Lab for week 7: Probabilistic Parsing

Authors:	Henry Thompson Bharat Ram Ambati Sharon Goldwater
Date:	2016-10-30, 2018-10-24
Copyright:	This work is licensed under a Creative Commons Attribution-NonCommercial 4.0 International License: You may re-use, redistribute, or modify this work for non-commercial purposes provided you retain attribution to any previous author(s).

Use the html version of this lab if you want to easily access the links or copy and paste commands.

Or use the pdf version if you want nicer formatting or a printable sheet.

Goals and motivation of this lab

In this lab we explore probabilistic phrase structure grammars and chart parsers which use such grammars. We're using the same data as the previous lab, 3914 treebanked sentences from the Wall Street Journal.

As always, we have written most of the code for the lab already and included a lot of explanatory comments, but we will ask you to add a few things here and there. For students with more programming background, the 'Going Further' section will give you a chance to explore some more advanced topics.

Preliminaries

As usual, create a directory for this lab inside your labs directory:

cd ~/anlp/labs
mkdir lab6
cd lab6

Download the files lab6.py, lab5_fix.py BetterICP.py into your lab6 directory: From the Lab 6 web page, right-click on the link and select Save link as..., then navigate to your lab6 directory to save.

Launch our environment and start up spyder (or ipython, or just use python: by now you probably know how you prefer to work):

conda activate anlp
spyder &

Running the code

You can run this week's lab as follows:

%run lab6.py

It should print the first parsed sentence and the productions in it.
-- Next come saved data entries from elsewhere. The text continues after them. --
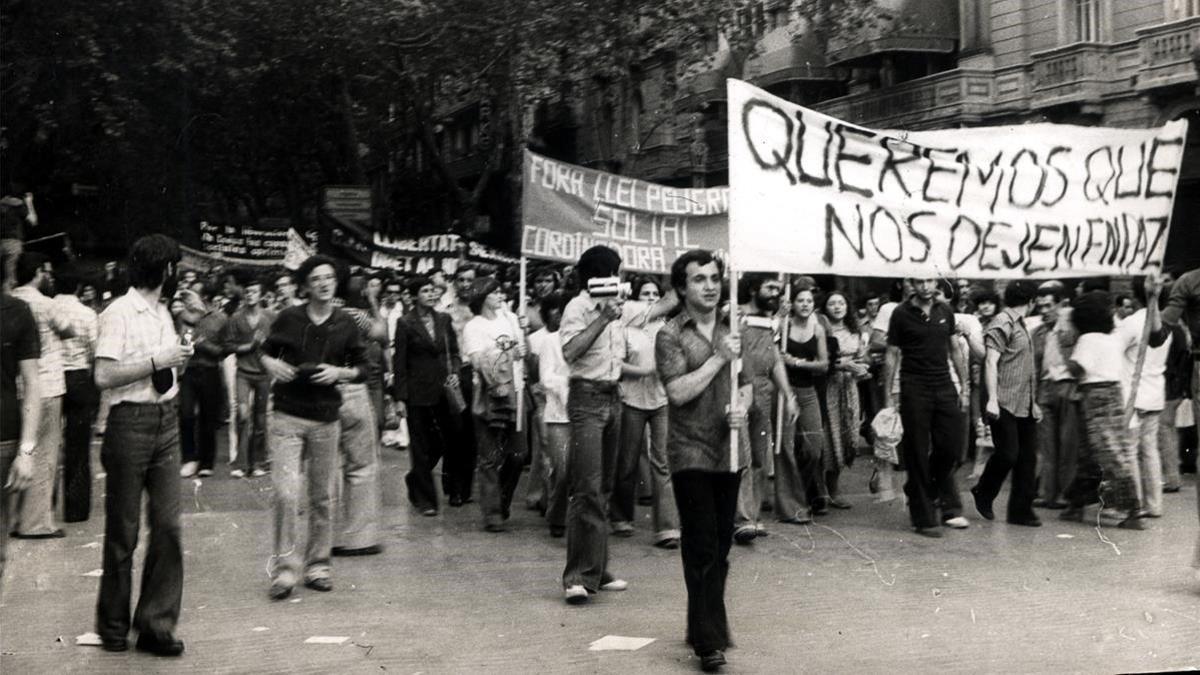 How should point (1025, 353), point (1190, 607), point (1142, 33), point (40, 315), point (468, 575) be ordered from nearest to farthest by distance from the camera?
point (1190, 607) → point (468, 575) → point (40, 315) → point (1025, 353) → point (1142, 33)

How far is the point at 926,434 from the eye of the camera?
975cm

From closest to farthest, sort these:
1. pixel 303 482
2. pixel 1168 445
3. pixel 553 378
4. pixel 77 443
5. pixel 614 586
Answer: pixel 614 586 < pixel 303 482 < pixel 553 378 < pixel 77 443 < pixel 1168 445

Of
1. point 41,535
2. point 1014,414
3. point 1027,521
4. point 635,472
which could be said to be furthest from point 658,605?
point 41,535

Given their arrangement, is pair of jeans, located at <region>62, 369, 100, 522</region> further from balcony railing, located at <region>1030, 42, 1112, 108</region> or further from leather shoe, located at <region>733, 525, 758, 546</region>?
balcony railing, located at <region>1030, 42, 1112, 108</region>

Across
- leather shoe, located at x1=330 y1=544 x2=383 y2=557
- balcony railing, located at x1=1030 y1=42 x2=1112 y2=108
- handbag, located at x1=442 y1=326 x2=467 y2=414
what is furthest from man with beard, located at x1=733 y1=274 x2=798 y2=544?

Following lab 5, we use the Penn Phrase Structure Treebank for this lab as well. This data consists of around 3900 sentences, where each sentence is annotated with its phrase structure tree. We use NLTK libraries to load this data.

(Don't forget to do:

%run lab6.py

after you've done some edits, in order to get your new function definitions.)

Probabilistic Phrase Structure Grammar (PCFG)
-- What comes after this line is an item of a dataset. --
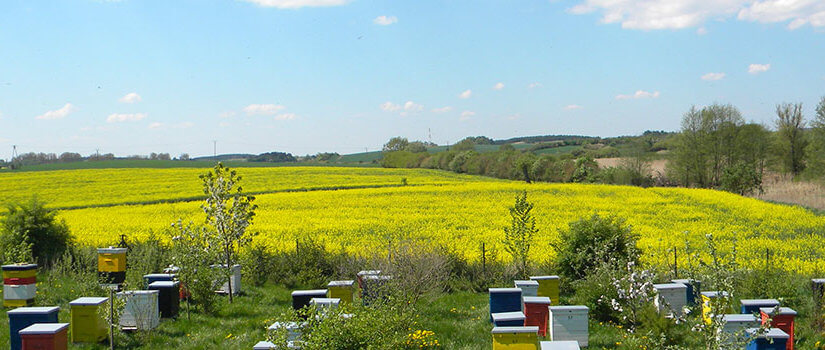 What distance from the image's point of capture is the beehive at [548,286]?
11.5 m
Probabilistic Phrase Structure Grammars (PCFGs) are Phrase Structure Grammars, where each production has a probability assigned to it. Consider the toy PCFG grammar. In NLTK, the data type of this grammar is ProbabilisticGrammar:

# Grammatical productions.
S -> NP VP [1.0]
NP -> Pro [0.1] | Det N [0.3] | N [0.5] | NP PP [0.1]
VP -> Vi [0.05] | Vt NP [0.9] | VP PP [0.05]
Det -> Art [1.0]
PP -> Prep NP [1.0]
# Lexical productions.
Pro -> "i" [0.3] | "we" [0.1] | "you" [0.1] | "he" [0.3] | "she" [0.2]
Art -> "a" [0.4] | "an" [0.1] | "the" [0.5]
Prep -> "with" [0.7] | "in" [0.3]
N -> "salad" [0.4] | "fork" [0.3] | "mushrooms" [0.3]
Vi -> "sneezed" [0.6] | "ran" [0.4]
Vt -> "eat" [0.2] | "eats" [0.2] | "ate" [0.2] | "see" [0.2] | "saw" [0.2]

Each production has a probability assigned to it. Change the probability of the production NP -> NP PP from 0.1 to 0.01. Re-run the code. What is the error given by the code?
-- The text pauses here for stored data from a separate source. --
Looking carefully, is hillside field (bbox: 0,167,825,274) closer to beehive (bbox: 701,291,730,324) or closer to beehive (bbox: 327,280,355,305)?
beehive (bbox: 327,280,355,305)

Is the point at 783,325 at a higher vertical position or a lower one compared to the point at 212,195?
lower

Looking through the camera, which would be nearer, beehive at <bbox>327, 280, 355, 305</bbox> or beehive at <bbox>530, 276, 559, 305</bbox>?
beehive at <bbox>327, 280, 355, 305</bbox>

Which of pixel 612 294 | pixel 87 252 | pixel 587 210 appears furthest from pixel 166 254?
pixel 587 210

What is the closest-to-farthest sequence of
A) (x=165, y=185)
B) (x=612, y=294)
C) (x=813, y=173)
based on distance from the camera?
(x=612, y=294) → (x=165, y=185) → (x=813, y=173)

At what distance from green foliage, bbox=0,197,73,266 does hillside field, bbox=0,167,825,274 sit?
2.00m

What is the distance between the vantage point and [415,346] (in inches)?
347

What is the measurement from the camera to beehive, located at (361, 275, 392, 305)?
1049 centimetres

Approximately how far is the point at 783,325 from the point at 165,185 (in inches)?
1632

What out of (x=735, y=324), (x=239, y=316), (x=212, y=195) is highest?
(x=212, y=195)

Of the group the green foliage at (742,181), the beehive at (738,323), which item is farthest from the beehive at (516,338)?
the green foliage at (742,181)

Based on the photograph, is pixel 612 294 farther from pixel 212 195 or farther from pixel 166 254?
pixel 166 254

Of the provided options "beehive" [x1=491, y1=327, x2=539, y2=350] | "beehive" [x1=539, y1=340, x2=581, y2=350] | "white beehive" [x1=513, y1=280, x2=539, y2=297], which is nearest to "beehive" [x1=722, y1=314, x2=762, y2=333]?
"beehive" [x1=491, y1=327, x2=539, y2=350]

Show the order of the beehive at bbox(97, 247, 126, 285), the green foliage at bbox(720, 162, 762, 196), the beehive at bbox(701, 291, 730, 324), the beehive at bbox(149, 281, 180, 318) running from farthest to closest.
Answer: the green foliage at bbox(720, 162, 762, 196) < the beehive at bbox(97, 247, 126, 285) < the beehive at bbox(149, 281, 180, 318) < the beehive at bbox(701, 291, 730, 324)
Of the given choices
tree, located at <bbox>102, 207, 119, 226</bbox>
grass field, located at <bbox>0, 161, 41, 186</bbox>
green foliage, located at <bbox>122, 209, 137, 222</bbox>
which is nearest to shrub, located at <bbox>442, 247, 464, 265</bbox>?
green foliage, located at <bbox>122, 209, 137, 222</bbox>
Change the value back before continuing!

Comment out the three lines that are printing out the first sentence and its productions.

PCFG Parser:

We made a simple class called BetterICP. It uses NLTK's InsideChartParser module which is a probabilistic chart parser (help(nltk.InsideChartParser) for more details).

BetterICP class has a method parse which parses a sentence and prints all possible parses. This method takes three arguments. First argument is tokens, which is a list of words in the sentence. Second argument is notify. notify=True will print each parse as it is found without waiting until the end of the process. Third argument max defines the number of possible parses to be printed. The parsing process will stop once max number of parses have been found.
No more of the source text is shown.